___ Records ___

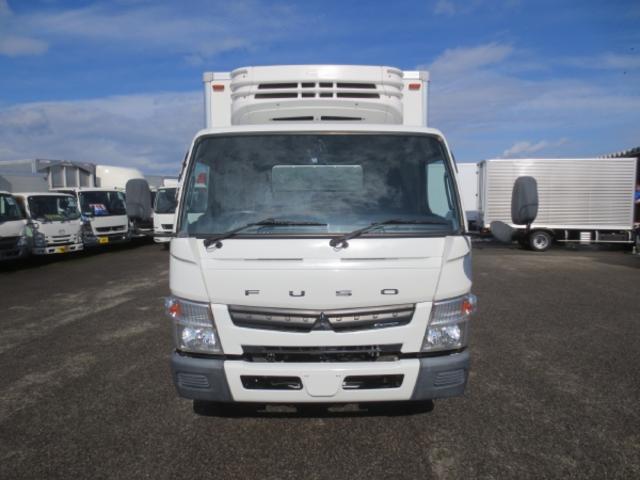 キャンター ロング 2t 冷蔵冷凍車ゲート付(4枚目)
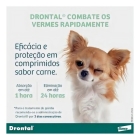Vermífugo Drontal Plus Carne - Cães10kg - 2 Comp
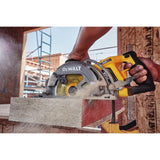 FLEXVOLT 60-Volt MAX Lithium-Ion Cordless Brushless 7-1/4 in. Wormdrive Style Circular Saw (Tool-Only) - Super Arbor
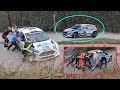 🇸🇮 Rally Nova Gorica 2024 | 🧑‍🔧 PROBLEMS 🛠️ | Saturday Highlights Day 2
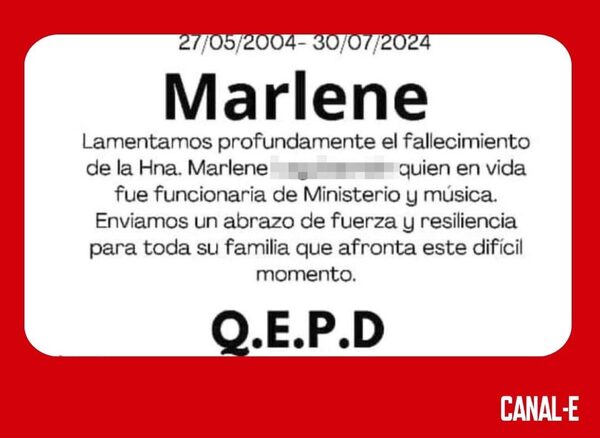 FINGIÓ SU MUERTE PARA NO PAGAR SU CUENTA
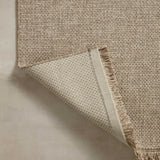 Loloi Dawn Natural Rug No.5 RUGS - synthetic Loloi 18" x 18"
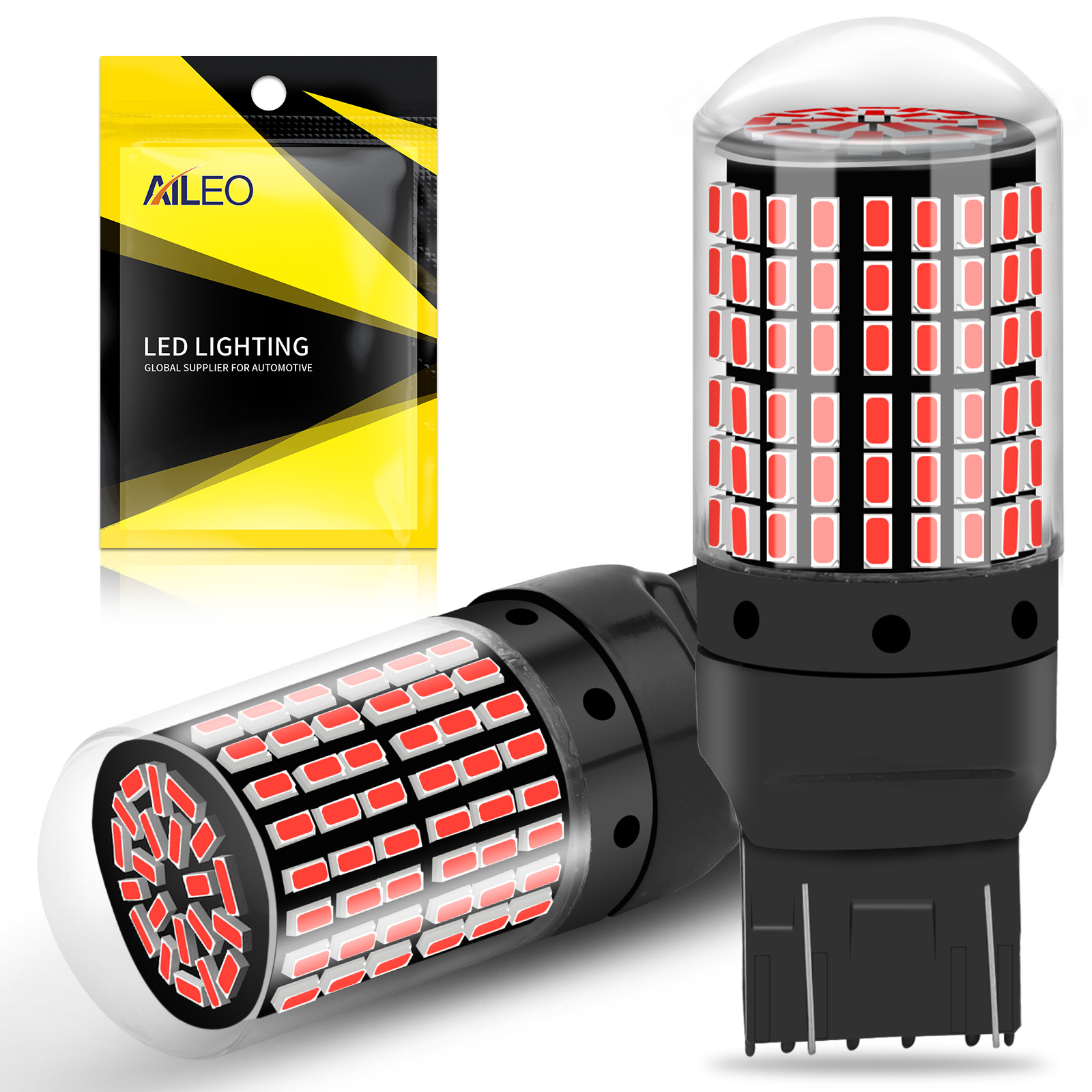 7440 7443 Bulb No Error Free T20 W W Led Wy Led Bulbs Car Brake Reverse Light  Lamp Turn Signal - Temu United Arab Emirates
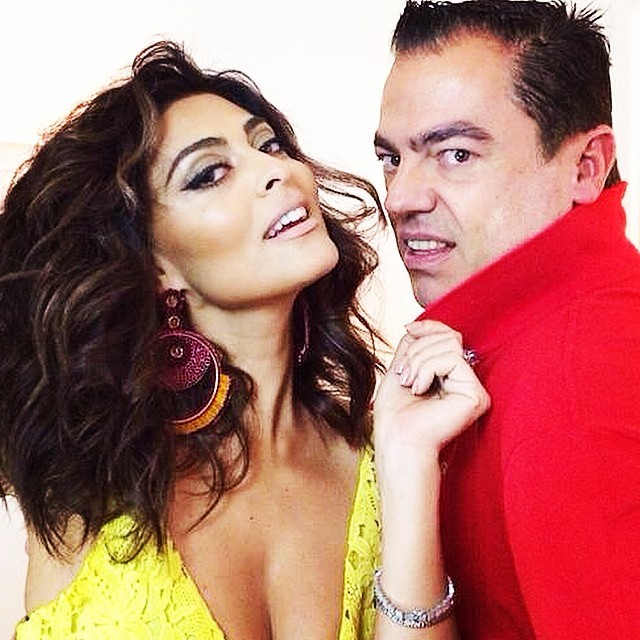 Juliana Paes e Marco Antônio de Biaggi (Foto: Instagram/ Reprodução)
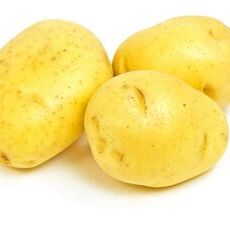 Картофель жёлтый
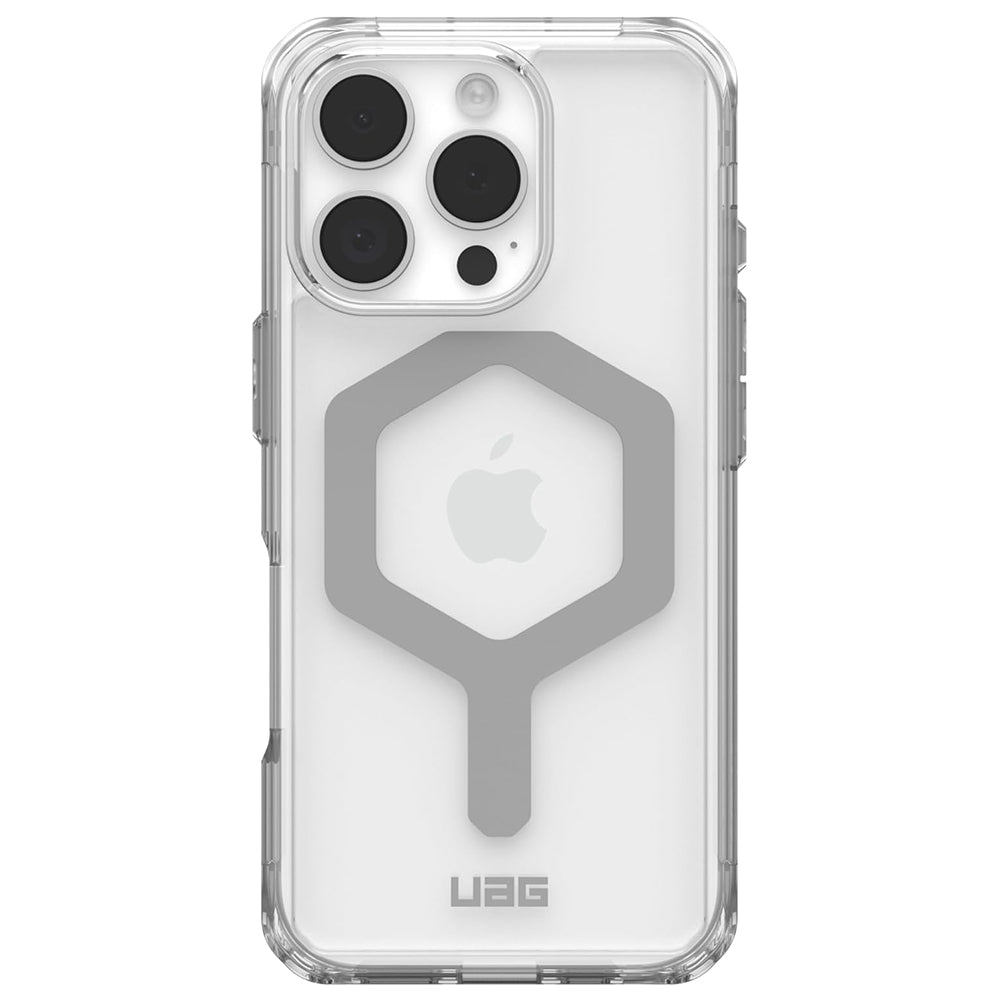 Husa MagSafe pentru Apple iPhone 16 Pro, Urban Armor Gear, Plyo, Transparenta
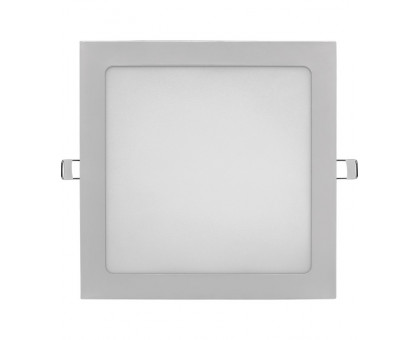 Квадратный встраиваемый светодиодный (LED) светильник 218х218х20 Онлайт OLP-S1-18W-4K-WH-LED 18Вт 4000K IP20(90153) Белый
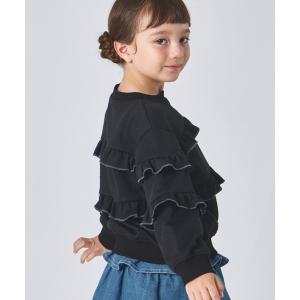 トレーナー 「まいにちスウェット」ガールズ 裏毛...の商品画像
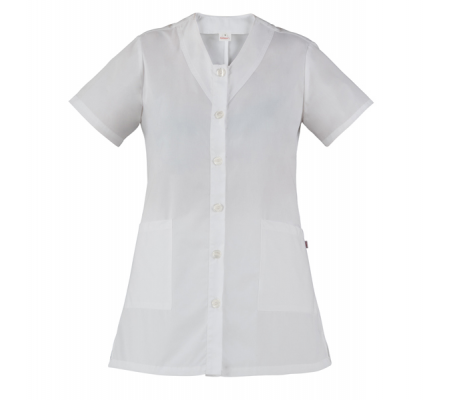 Casacca Camelia - da donna - taglia M - bianco - Giblor's - Q9K00222-C01-M - 8011513101070 - DMwebShop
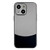 Shockproof Frosted PC Silicone Frame Phone Case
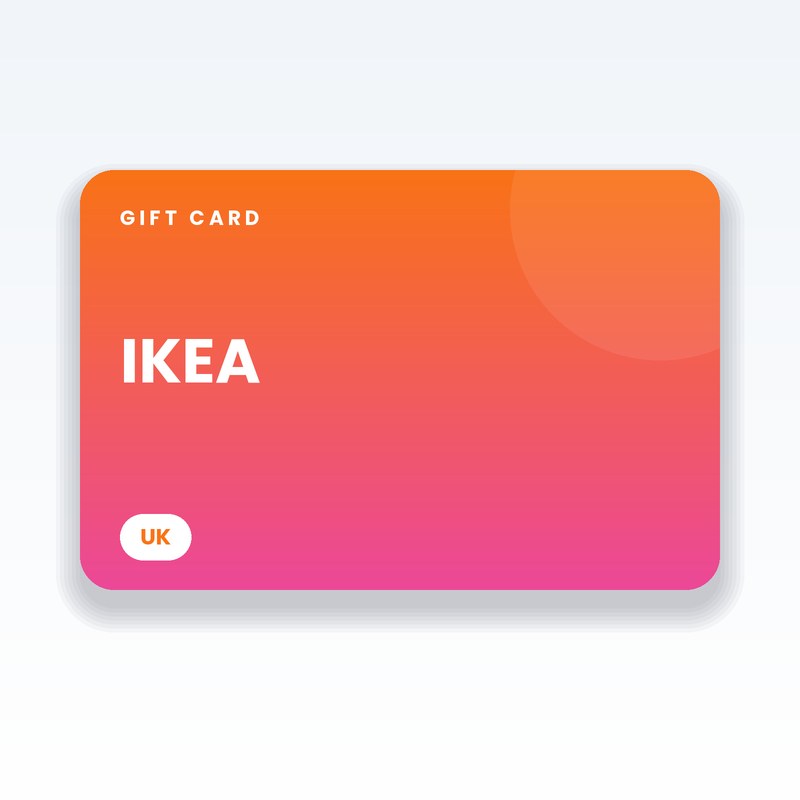 IKEA Gift Card (UK) - digital gift card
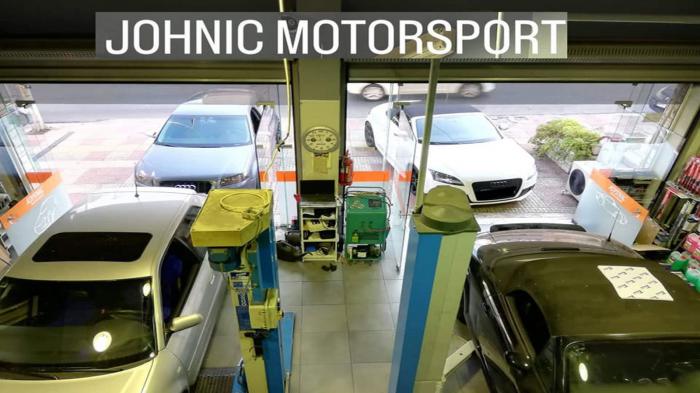 Johnic Motorsport άριστες υπηρεσίες συντήρησης και επισκευής στον Υμηττό! 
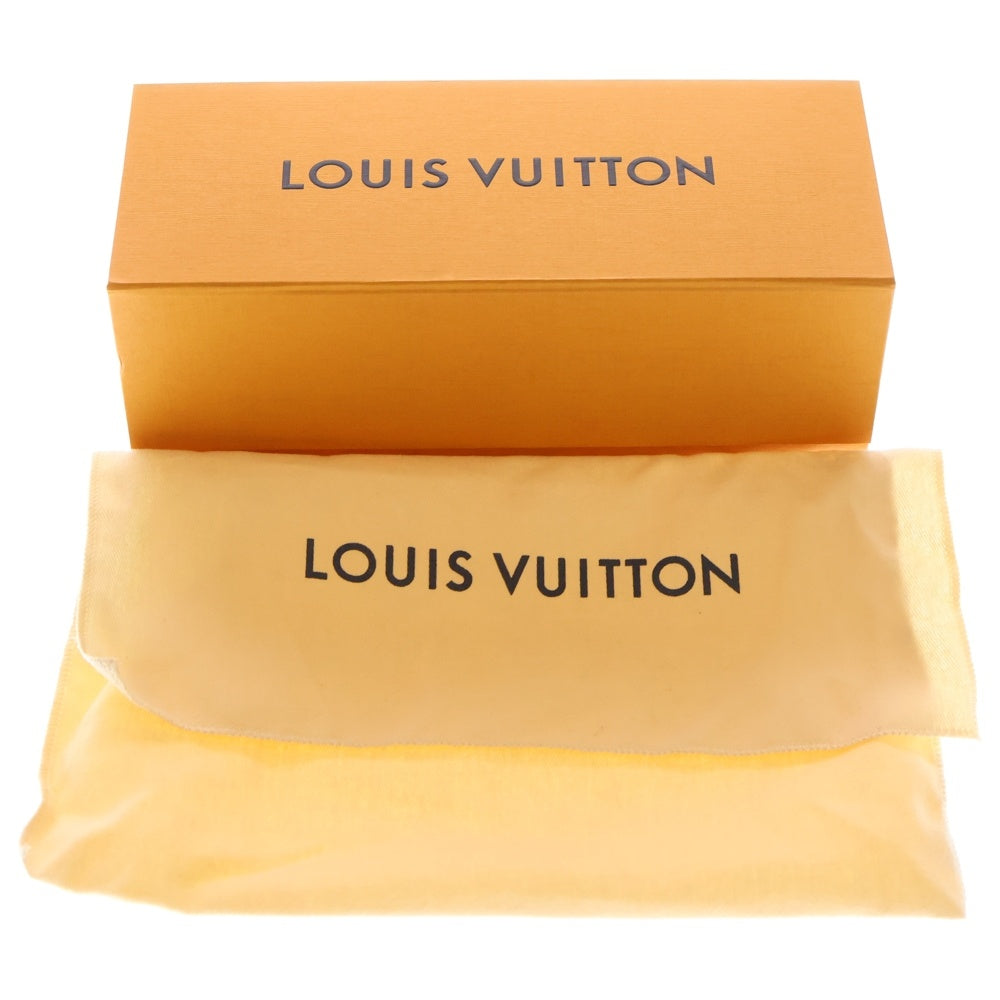 LOUIS VUITTON(ルイヴィトン) トゥルース エリザベット モノグラム マヒナ パンチングレザー マグノリア ペンケース シルバー金具 ピンク GI0397 レディース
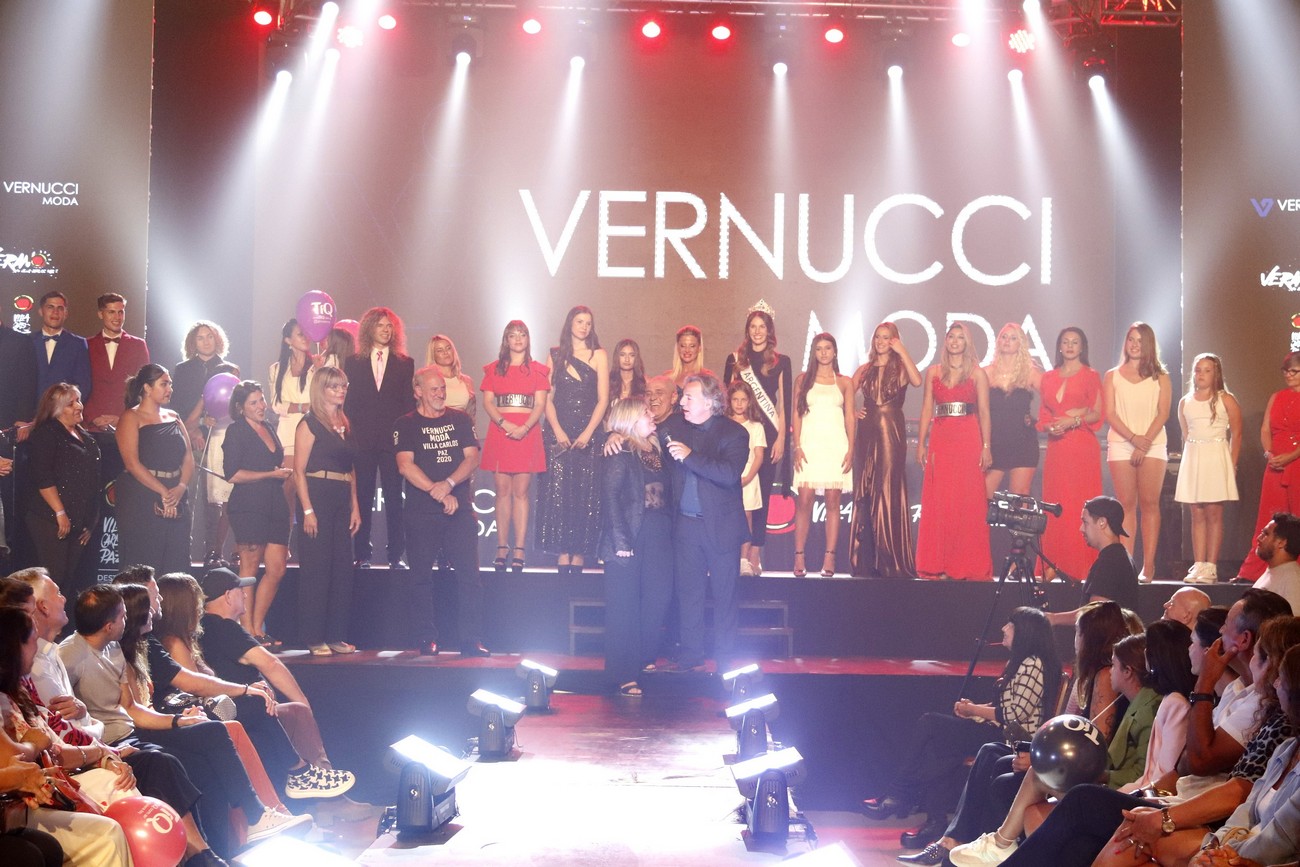 Desfile de Vernucci Moda en Espacio Mónaco en Carlos Paz.  (La Voz)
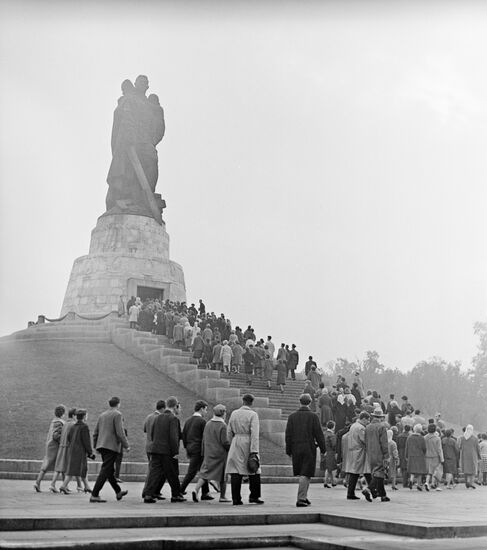 Monument to the Soviet soldier-liberator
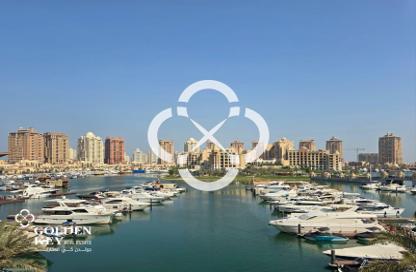 Townhouse - 1 Bedroom - 2 Bathrooms for rent in West Porto Drive - Porto Arabia - The Pearl Island - Doha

___

Brief:
The required result is an exact copy of the lines from the line containing "FLEXVOLT 60-Volt MAX" through the end of the entries, with every picture left out.

Task solution:
 FLEXVOLT 60-Volt MAX Lithium-Ion Cordless Brushless 7-1/4 in. Wormdrive Style Circular Saw (Tool-Only) - Super Arbor
 🇸🇮 Rally Nova Gorica 2024 | 🧑‍🔧 PROBLEMS 🛠️ | Saturday Highlights Day 2
 FINGIÓ SU MUERTE PARA NO PAGAR SU CUENTA
 Loloi Dawn Natural Rug No.5 RUGS - synthetic Loloi 18" x 18"
 7440 7443 Bulb No Error Free T20 W W Led Wy Led Bulbs Car Brake Reverse Light  Lamp Turn Signal - Temu United Arab Emirates
 Juliana Paes e Marco Antônio de Biaggi (Foto: Instagram/ Reprodução)
 Картофель жёлтый
 Husa MagSafe pentru Apple iPhone 16 Pro, Urban Armor Gear, Plyo, Transparenta
 Квадратный встраиваемый светодиодный (LED) светильник 218х218х20 Онлайт OLP-S1-18W-4K-WH-LED 18Вт 4000K IP20(90153) Белый
 トレーナー 「まいにちスウェット」ガールズ 裏毛...の商品画像
 Casacca Camelia - da donna - taglia M - bianco - Giblor's - Q9K00222-C01-M - 8011513101070 - DMwebShop
 Shockproof Frosted PC Silicone Frame Phone Case
 IKEA Gift Card (UK) - digital gift card
 Johnic Motorsport άριστες υπηρεσίες συντήρησης και επισκευής στον Υμηττό! 
 LOUIS VUITTON(ルイヴィトン) トゥルース エリザベット モノグラム マヒナ パンチングレザー マグノリア ペンケース シルバー金具 ピンク GI0397 レディース
 Desfile de Vernucci Moda en Espacio Mónaco en Carlos Paz.  (La Voz)
 Monument to the Soviet soldier-liberator
 Townhouse - 1 Bedroom - 2 Bathrooms for rent in West Porto Drive - Porto Arabia - The Pearl Island - Doha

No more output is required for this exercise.